## Material shown
━━━━━━━━━━━━━━━━━━━━

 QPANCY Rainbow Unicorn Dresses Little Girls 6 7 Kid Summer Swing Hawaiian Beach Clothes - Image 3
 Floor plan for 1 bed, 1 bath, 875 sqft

━━━━━━━━━━━━━━━━━━━━

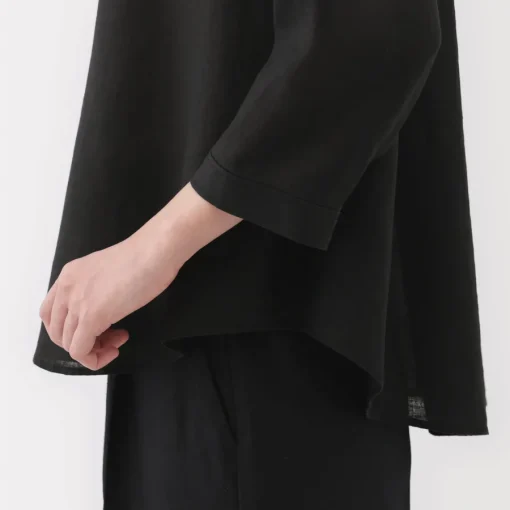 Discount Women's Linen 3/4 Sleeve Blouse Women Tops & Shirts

━━━━━━━━━━━━━━━━━━━━

## What is being asked
Given the records above, restate word for word only the lines starting at the one with "QPANCY Rainbow Unicorn" and ending at the one with "Floor plan for 1 bed, 1 bath, 875 sqft".

## Response area
 QPANCY Rainbow Unicorn Dresses Little Girls 6 7 Kid Summer Swing Hawaiian Beach Clothes - Image 3
 Floor plan for 1 bed, 1 bath, 875 sqft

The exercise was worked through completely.